# Probabilistic data structures. Bloom filter

In the article we consider such popular implementation of a probabilistic set as Bloom filter, that can efficiently solve the problem of determining membership of some element in a large set of elements without the need to store every element and use many comparisons.

### The problem

Many everyday applications require determining membership of an element in a large set of elements. Consider a problem when you develop an extension to protect users of your network from being hacked because of visiting a suspicious website. In this case, you manage a list of malware websites' URLs and every time user enters a new URL you need efficiently check it and decide whenever you allow or deny access to it.

### Intuition

The simplest solution is to store all bad URLs and then search for the entered URL throw the list using your favourite search algorithm. Of course, it could have many optimization directions, but the main problem that you have to "store" them and the storage space will grow linearly within the number of elements you have. Also, search algorithms depend on the number of elements and take in average O(log n) comparisons (on pre-sorted data).

But wait, do you really need to know exactly which URL from your list has been entered by the user or just want to know whenever it's good or bad?

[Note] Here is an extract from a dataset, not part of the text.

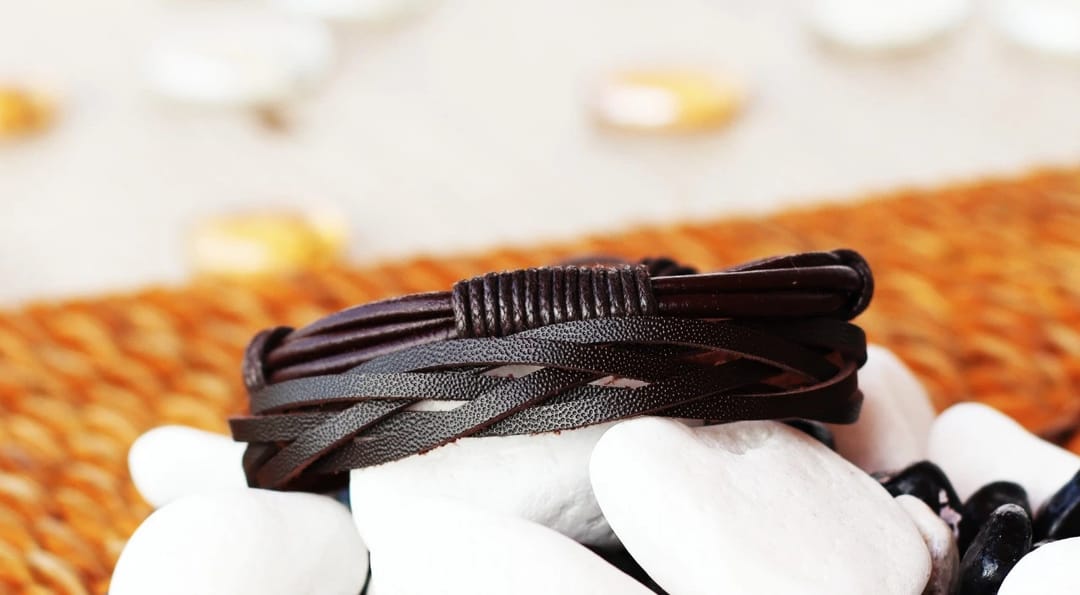 Brown Wrap Bracelet Leather Vintage Hand Crafted - 1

It's enough to have a data structure where we don't need to store every element we know, but can fast determine whenever a new element in / not in the set using a constant time and that is not dependent on the number of documents in the set.

The basic idea is to use a limited number of fingerprints for URLs and store only them. If fingerprints are small (smaller than the URL and, usually, just an integer), this will reduce the amount of space we need to store the set, but still, it will grow linearly ... To have this space also limited we need to find such functions for fingerprints that have limited range of output values (e.g. converts every URL into an integer in the interval [0, 2^10)).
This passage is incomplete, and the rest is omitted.